Additionally, we are actively identifying and implementing solutions to secure low-carbon energy through ongoing projects. These initiatives aim to supplement our renewable electricity supply at sites in North America and Europe. They involve collaboration with our current utility suppliers to decrease the carbon intensity of the energy we procure and the assessment of emerging technologies for deployment at our facilities.
Our scope 3 goal is based on the best available scientific knowledge, and we are actively seeking validation from the SBTi (Science-Based Targets initiative).
Developed in line with the latest SBTi guidance, our scope 3 goal covers two-thirds of our total scope 3 emission inventory. We are currently in the process of seeking validation for this goal from the SBTi. To achieve reductions in scope 3 emissions, several strategies are crucial:
Exiting the refining business: We will cease the sale of refined products such as gasoline, diesel, and jet fuel, as well as discontinue the procurement of raw materials, including crude oil. This strategic move will lead to a total reduction of approximately 40 million metric tons of scope 3 emissions annually.
Increased use of circular feedstocks: We are actively increasing the utilization of renewable bio-based and recycled feedstocks. This aligns with our commitment to produce and market a minimum of 2 million metric tons of recycled and renewable-based polymers annually by 2030.
Collaboration with suppliers: By engaging with our suppliers, particularly those who provide feedstocks and raw materials, we can gain a better understanding of the product carbon footprint associated with the materials we procure from them. This enables us to explore collaborative opportunities to reduce emissions. We also rely on the product carbon footprint guidance provided by Together for Sustainability to foster alignment in scope 3 accounting practices throughout the value chain.
Transition to lower carbon intensive fuels: Shifting to the use of fuels with lower carbon intensity in our operations has the potential to reduce both scope 3 emissions and our scope 1 and/or scope 2 emissions.
Collaboration with logistics providers: We are actively engaging with our logistics suppliers to gain deeper insights into the emissions linked to the transportation of our products to customers. We are also reviewing opportunities to optimize our distribution routes to minimize GHG emissions. Our participation in the development of the Global Logistics Emissions Council (GLEC) guidance for the European Chemical Industry, as part of the Smart Freight Centre, demonstrates our commitment to improving emissions reporting accuracy and optimizing logistics operations.

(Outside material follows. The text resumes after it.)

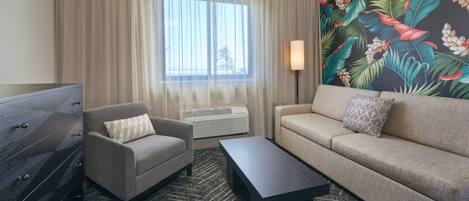 A hotel room with a sofa, armchair, and a flat-screen TV.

Calculating scope 3 emissions can be complex as the industry's understanding of emission sources and appropriate methodologies continues to evolve. Guidance for calculating and addressing scope 3 emissions is currently being developed across various industries, including the chemical sector. We actively participate in sector initiatives aimed at enhancing the consistency and accuracy of scope 3 emission estimates and reporting, such as the SBTi Chemical Industry Guidance and Together for Sustainability's Product Carbon Footprints.